(Beginning of AVAILABLE RECORDS)

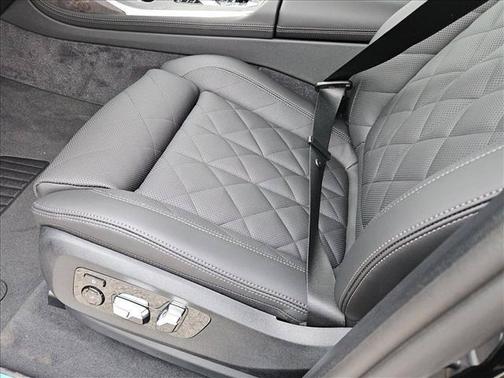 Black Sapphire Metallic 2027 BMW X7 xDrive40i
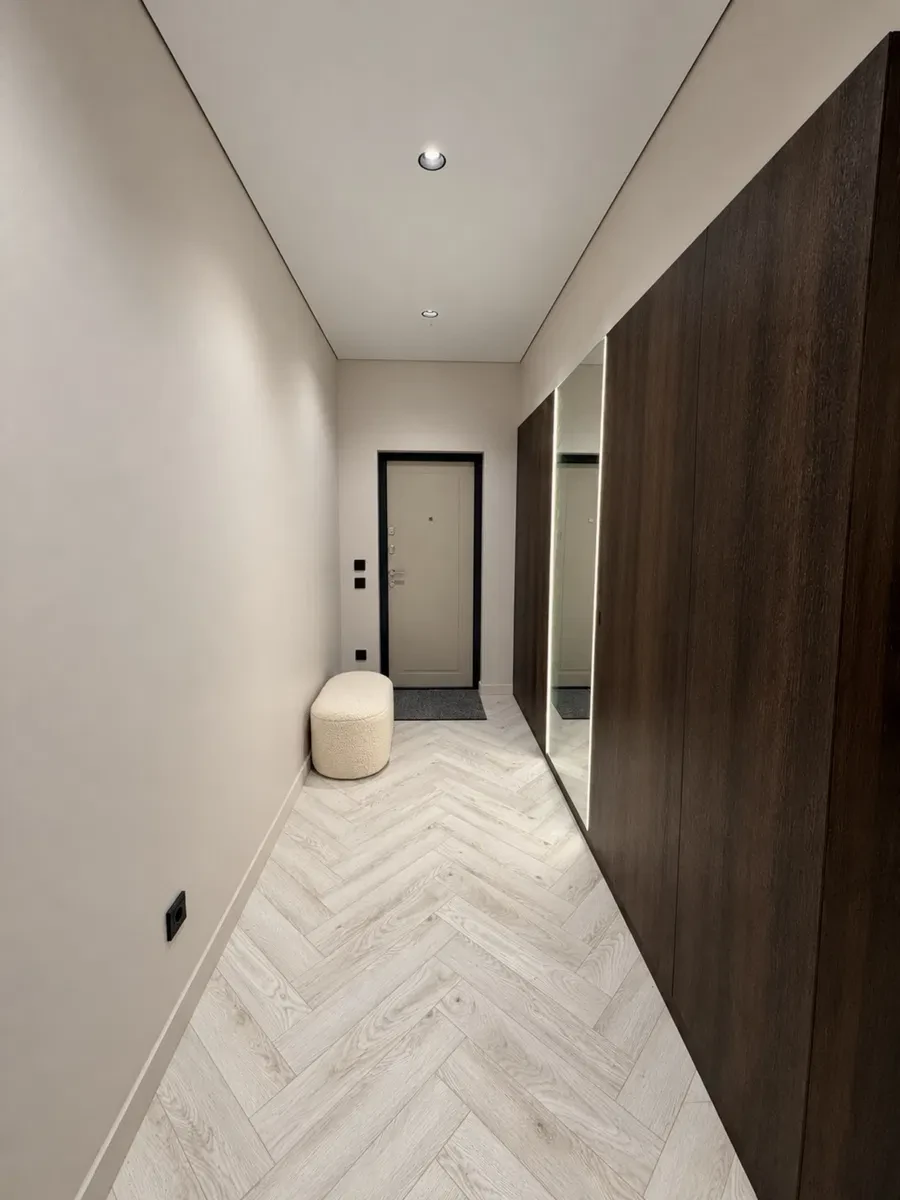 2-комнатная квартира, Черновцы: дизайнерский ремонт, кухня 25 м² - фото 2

(End of AVAILABLE RECORDS)
(Beginning of AVAILABLE RECORDS)

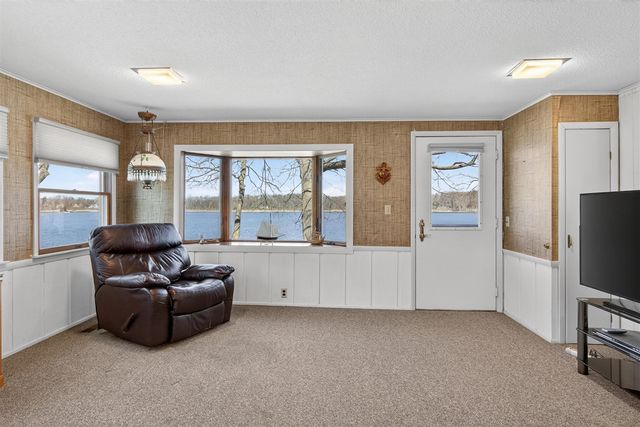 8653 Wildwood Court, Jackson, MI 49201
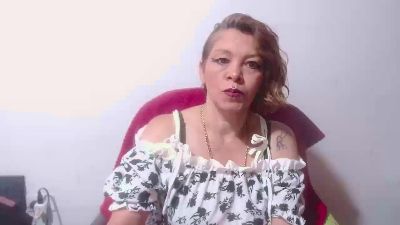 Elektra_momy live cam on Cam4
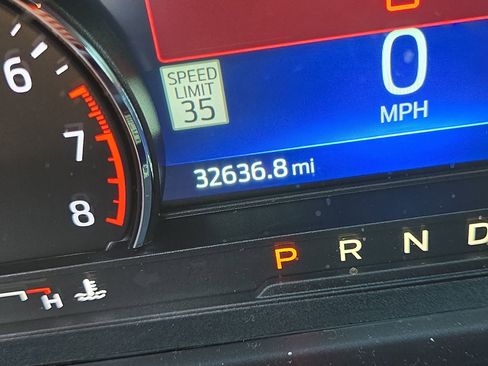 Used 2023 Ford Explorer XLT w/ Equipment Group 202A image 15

(End of AVAILABLE RECORDS)

_THE TASK_
Print the part of the listing above that opens with the line containing "Black Sapphire Metallic" and closes with the line containing "2-комнатная квартира, Черновцы: дизайнерский". Copy it exactly, both ends included, and omit the pictures.

_OUTPUT FOR THIS TASK_
 Black Sapphire Metallic 2027 BMW X7 xDrive40i
 2-комнатная квартира, Черновцы: дизайнерский ремонт, кухня 25 м² - фото 2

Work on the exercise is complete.